Published 24 Sep 2024 in cs.RO, cs.CV, cs.LG, and eess.IV

Abstract: How can robot manipulation policies generalize to novel tasks involving unseen object types and new motions? In this paper, we provide a solution in terms of predicting motion information from web data through human video generation and conditioning a robot policy on the generated video. Instead of attempting to scale robot data collection which is expensive, we show how we can leverage video generation models trained on easily available web data, for enabling generalization. Our approach Gen2Act casts language-conditioned manipulation as zero-shot human video generation followed by execution with a single policy conditioned on the generated video. To train the policy, we use an order of magnitude less robot interaction data compared to what the video prediction model was trained on. Gen2Act doesn't require fine-tuning the video model at all and we directly use a pre-trained model for generating human videos. Our results on diverse real-world scenarios show how Gen2Act enables manipulating unseen object types and performing novel motions for tasks not present in the robot data. Videos are at https://homangab.github.io/gen2act/

Gen2Act: Human Video Generation in Novel Scenarios enables Generalizable Robot Manipulation

The paper "Gen2Act: Human Video Generation in Novel Scenarios enables Generalizable Robot Manipulation" introduces a novel approach to robot manipulation, focusing on generalization to novel tasks, unseen object types, and new motions.

Overview

The core challenge addressed in this work is the generalization of robot manipulation policies to previously unseen tasks and object types, which is particularly crucial for practical deployment in diverse real-world scenarios. Existing methods often struggle because of the high cost and impracticality of collecting vast amounts of robot interaction data covering every possible scenario. This paper proposes an innovative solution leveraging pre-trained human video generation models trained on web data, effectively sidestepping the need for extensive robot-specific datasets.

Methodology

The proposed approach involves two primary steps:

  1. Zero-shot Human Video Generation:
    • The paper makes use of a pre-trained video generation model (VideoPoet) to generate human manipulation videos based on task descriptions and initial scene images. Unlike prior works that might fine-tune models for robot-specific contexts, this method leverages the zero-shot capabilities of state-of-the-art video generation models trained on expansive web data.
  2. Conditioned Policy Execution:
    • A closed-loop policy is then conditioned on these generated videos. This policy doesn’t operate directly on robot-specific data but instead learns from the visual and motion cues inherent in the generated human videos.

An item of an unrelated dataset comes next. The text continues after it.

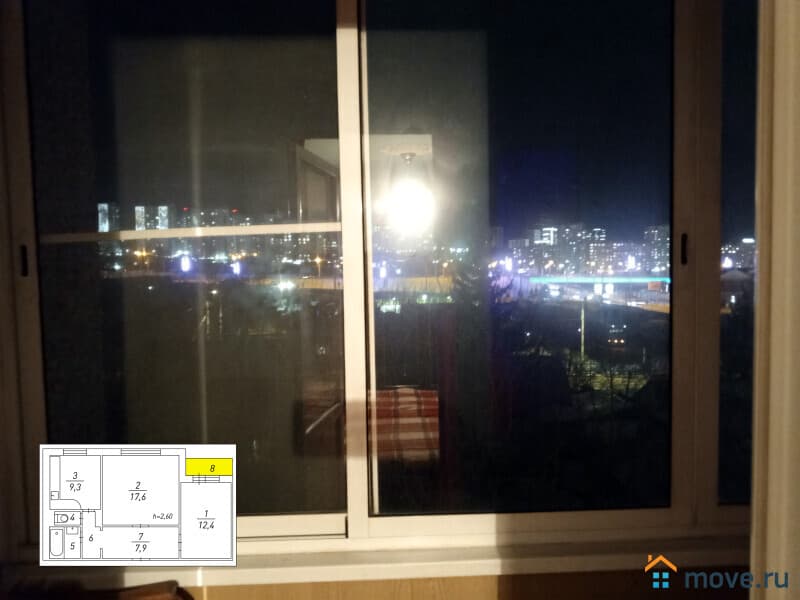 2-комн. квартира, 53 м&sup2;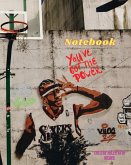 Notebook College Ruled 8X10 inches Trendy Graffiti Street Art: Composition Notebook, Large Basket-ball College Notebook for Students, Teachers, Kids a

To handle the temporal aspect and enhance the learning from motion cues, the model incorporates point track prediction as an auxiliary task during training. While training, the policy uses both visual features from the videos and extracted motion information to optimize behavior cloning objectives.

Results and Analysis

Generalization Performance

The paper evaluates the system across various levels of generalization:

  • Mild Generalization (MG): Unseen configurations of seen objects in familiar scenes.
  • Standard Generalization (G): Unseen object instances in both seen and unseen scenes.
  • Object-Type Generalization (OTG): Completely new object types in novel scenarios.
  • Motion-Type Generalization (MTG): New motion types not encountered during training.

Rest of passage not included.